A chilly afternoon at the University Parks proved frustrating for Oxford as the Blues, having led for a great deal of the match, let things slip in the last ten minutes to leave the University of Wales Institute, Cardiff (UWIC) victorious 18-26.
Oxford had the upper hand throughout the first half against the fancied opposition, shivering off at the break 14-10 up. Looking threatening with possession, they posed danger for UWIC in a way the Welshmen seemed unable to match during their own spells in possession.
Two tries from stand-out wing Chuky Okpalugo, one a length-of-the-pitch kick return after a stunning catch, plus another from Phil Beak in the right-hand corner, could have been joined by a score from skipper Ben Calverley had he not been judged to be held up. This decision was met with derision by a lively crowd. Speaking of whom: most sportsmen are said to be only too happy to have a bit of skirt on hand to watch them play, but when the skirt in question (plaid, in what can only be assumed to be some oblique homage to Burns Night) is being worn by a strapping man with hairy legs, one wonders whether this was a welcome distraction.
It wasn’t just on the scorecard that the Blues impressed. Calverley made up for his personal disappointment with some wonderful distribution, and in general Oxford ran with purpose, vigour and brute force in the contact area. Ed Dick and Fred Garrett in particular impressed with some well-chosen lines of running.
While UWIC, clad in an off-white strip that laid assault to the eyes, managed a try at the end of the half against the run of play, the Blues went into half-time the more content team. The fillip the late score gave the men in white was to prove key however, giving them a foothold in a game that might otherwise have fast got away from them.
From the off the second half was a far sloppier affair than the first, with several handling errors from both sides. This was especially evident in the first five minutes of the half, as an Oxford knock-on led to a UWIC set stymied by a fumble and drop. In addition, the pitch, which had started off in a pretty bad state, had only deteriorated further so that footing was now an issue too, with Okpalugo stumbling in the churned-up mud on more than one occasion.
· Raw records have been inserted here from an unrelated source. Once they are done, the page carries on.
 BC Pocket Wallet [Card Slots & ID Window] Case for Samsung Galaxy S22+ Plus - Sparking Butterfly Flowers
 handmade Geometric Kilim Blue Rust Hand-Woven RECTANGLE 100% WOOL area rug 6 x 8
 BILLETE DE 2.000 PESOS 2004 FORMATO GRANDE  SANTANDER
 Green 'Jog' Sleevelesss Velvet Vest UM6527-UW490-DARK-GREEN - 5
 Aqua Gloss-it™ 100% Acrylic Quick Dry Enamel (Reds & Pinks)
The visitors looked to have the wind behind them this half and play was end-to-end, with what looked to be a Blues try ruled out due to a double-movement immediately followed by a UWIC break to within ten yards of the try-line before Calverley brought his man down. Another mistake in the hands by Oxford was this time punished as UWIC drew level.
Oxford responded brightly though. The recipient of a voluminously looped pass from Calverley followed suit, skipping two men out to find Okpalugo, whose neat step took him to his hat-trick. From there it seemed to be Oxford’s game to close out. Okpalugo scorched across the pitch, seemingly hungry for a fourth try, and even when they got close UWIC conspired to be their own worst enemies, as a three man overlap with the try-line calling out was ruined by a drop.
Perhaps this ignominy was a tipping point for the men from Cardiff, or perhaps it led Oxford to switch off, but in the last six minutes UWIC scored thrice to claim not only a win, but a convincing one. The first try came as a surprise, but after that Oxford heads dropped, tackles were missed, and more scores for the Welshmen seemed to be on the cards. A brace from Jack Kerr sealed it for UWIC, the first a truly audacious chip and chase he finished off with an Ashton-esque swallow dive, the second an equally daring piece of individual skill, leading to roars from the whites and curses from the Blues.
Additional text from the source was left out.